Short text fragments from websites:
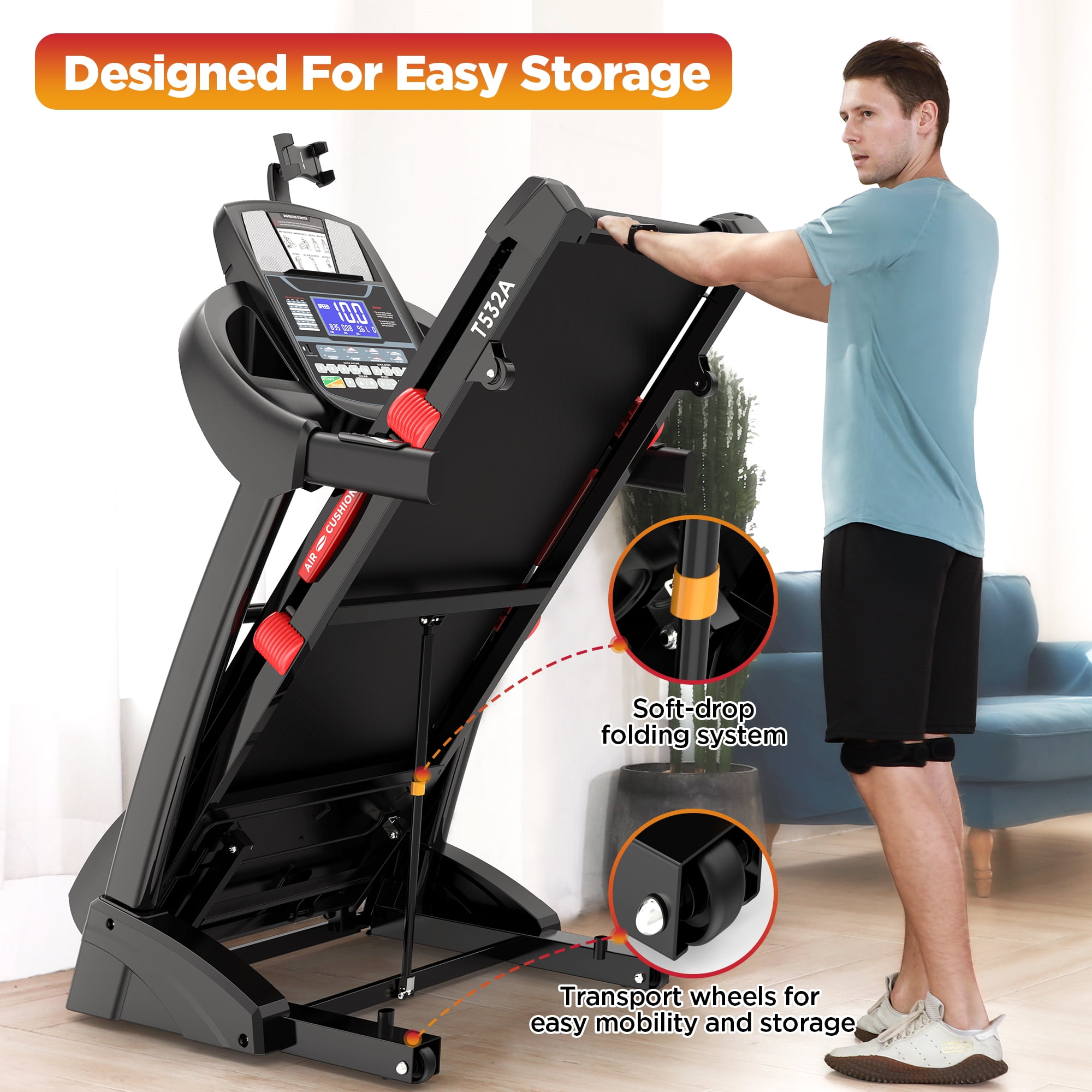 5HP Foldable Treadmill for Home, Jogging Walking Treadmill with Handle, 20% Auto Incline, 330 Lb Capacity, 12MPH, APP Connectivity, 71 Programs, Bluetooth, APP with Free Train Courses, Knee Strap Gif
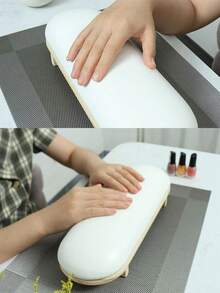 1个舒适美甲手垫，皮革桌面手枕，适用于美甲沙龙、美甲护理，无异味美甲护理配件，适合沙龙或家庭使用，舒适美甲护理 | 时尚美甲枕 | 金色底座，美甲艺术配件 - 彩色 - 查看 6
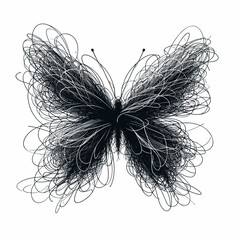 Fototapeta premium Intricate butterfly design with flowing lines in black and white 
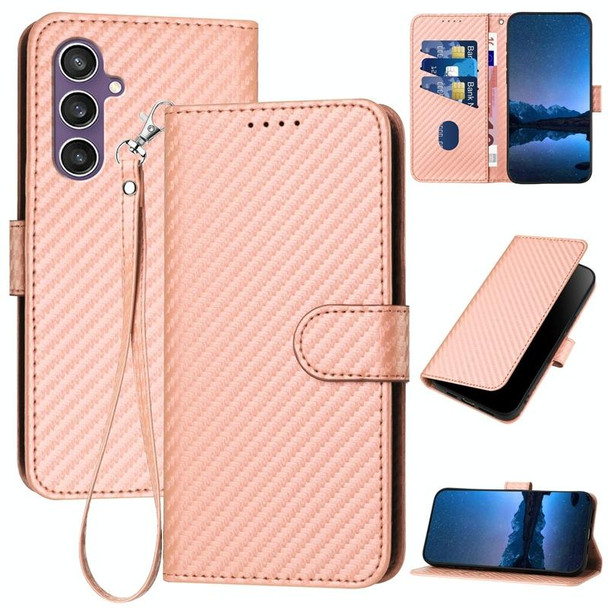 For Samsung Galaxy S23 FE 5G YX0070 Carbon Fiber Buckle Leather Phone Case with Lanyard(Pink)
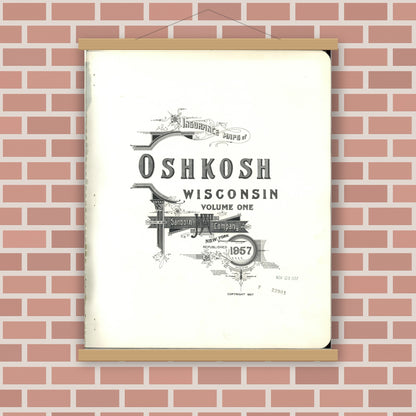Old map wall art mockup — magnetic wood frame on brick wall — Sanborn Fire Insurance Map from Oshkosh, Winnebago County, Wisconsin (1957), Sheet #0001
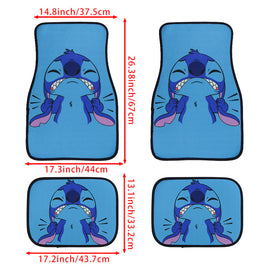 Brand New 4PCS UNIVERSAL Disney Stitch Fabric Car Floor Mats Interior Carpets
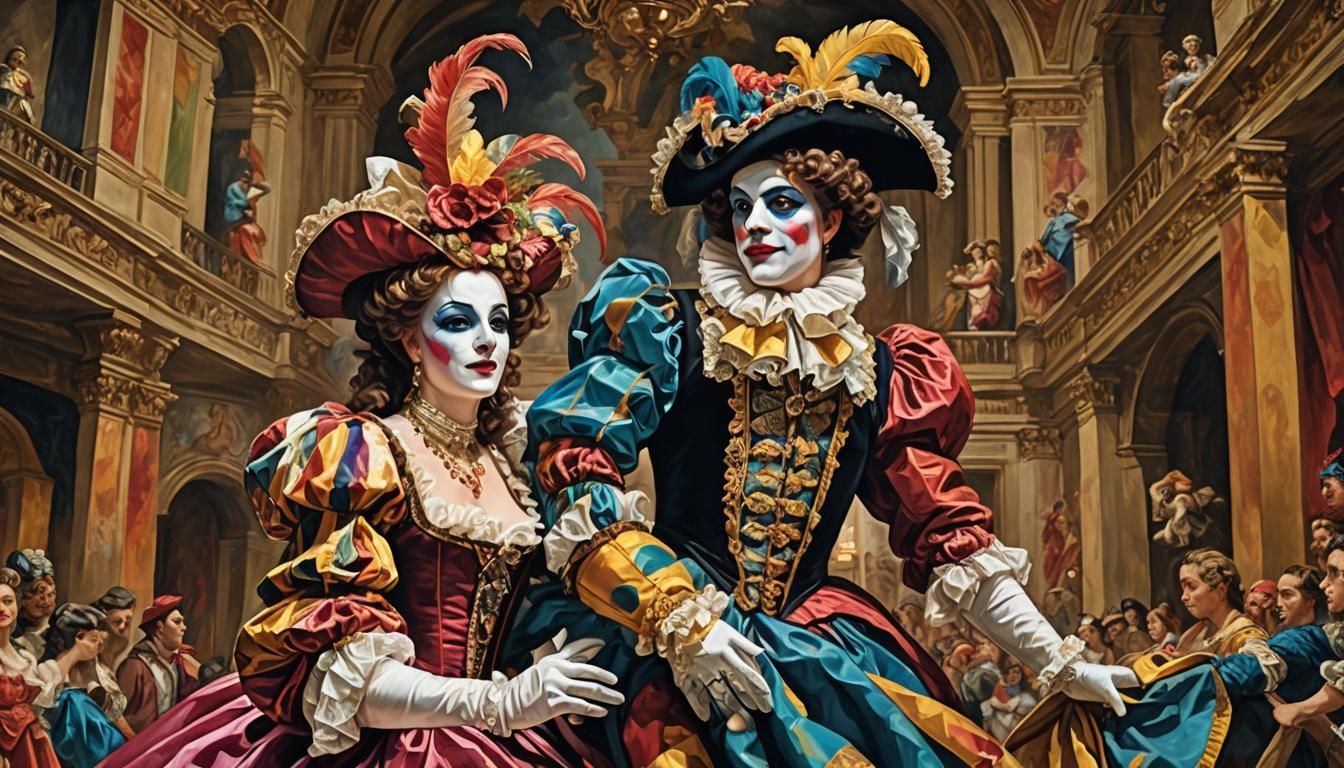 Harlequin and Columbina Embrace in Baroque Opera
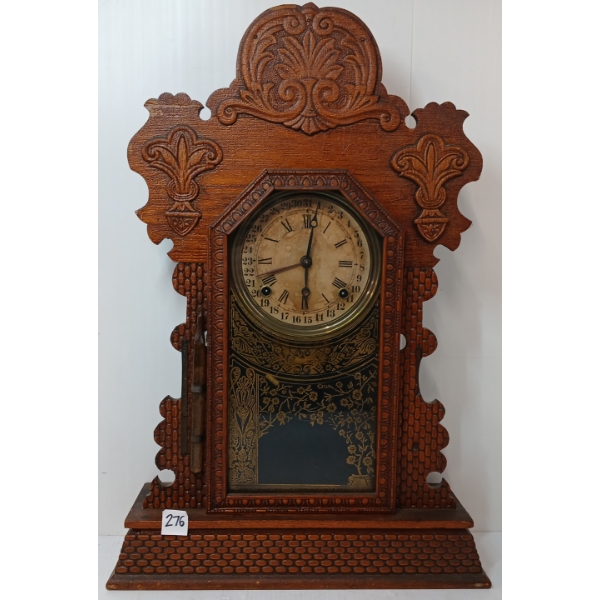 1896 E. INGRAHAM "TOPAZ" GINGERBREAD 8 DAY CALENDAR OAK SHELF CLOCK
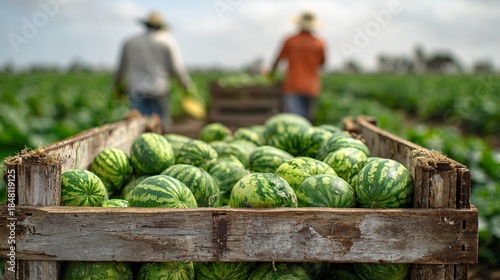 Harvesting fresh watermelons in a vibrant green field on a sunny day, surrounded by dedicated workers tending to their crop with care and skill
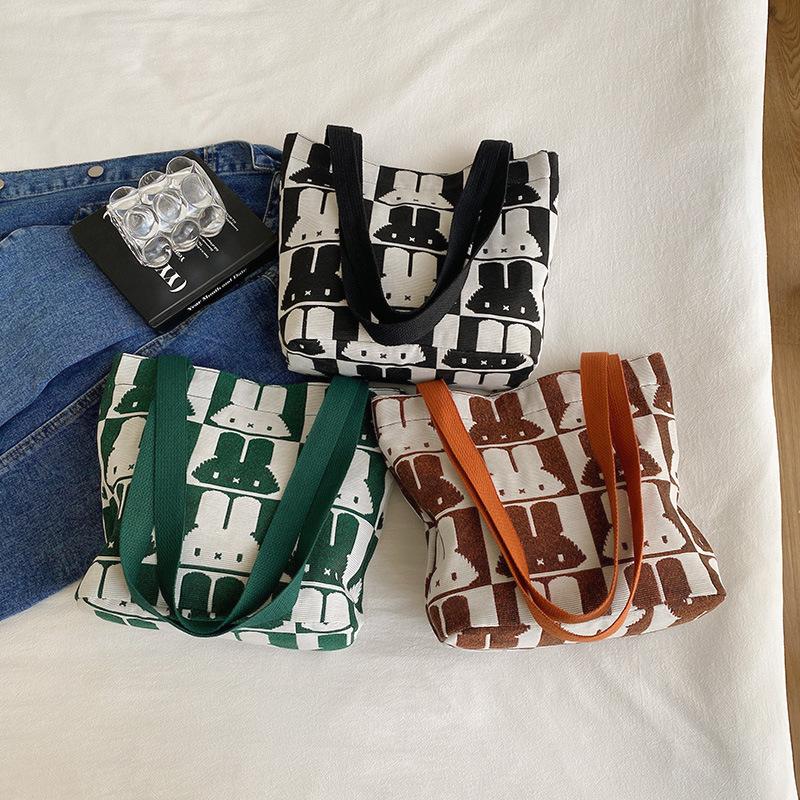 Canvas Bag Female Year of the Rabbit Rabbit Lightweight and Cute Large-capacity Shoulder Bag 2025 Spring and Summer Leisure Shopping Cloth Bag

◆ Task description
Write out exactly the lines from the one containing "Fototapeta premium Intricate" through the end of the entries, both included. Pictures are not copied.

◆ Written solution
 Fototapeta premium Intricate butterfly design with flowing lines in black and white 
 For Samsung Galaxy S23 FE 5G YX0070 Carbon Fiber Buckle Leather Phone Case with Lanyard(Pink)
Old map wall art mockup — magnetic wood frame on brick wall — Sanborn Fire Insurance Map from Oshkosh, Winnebago County, Wisconsin (1957), Sheet #0001
 Brand New 4PCS UNIVERSAL Disney Stitch Fabric Car Floor Mats Interior Carpets
 Harlequin and Columbina Embrace in Baroque Opera
 1896 E. INGRAHAM "TOPAZ" GINGERBREAD 8 DAY CALENDAR OAK SHELF CLOCK
 Harvesting fresh watermelons in a vibrant green field on a sunny day, surrounded by dedicated workers tending to their crop with care and skill
 Canvas Bag Female Year of the Rabbit Rabbit Lightweight and Cute Large-capacity Shoulder Bag 2025 Spring and Summer Leisure Shopping Cloth Bag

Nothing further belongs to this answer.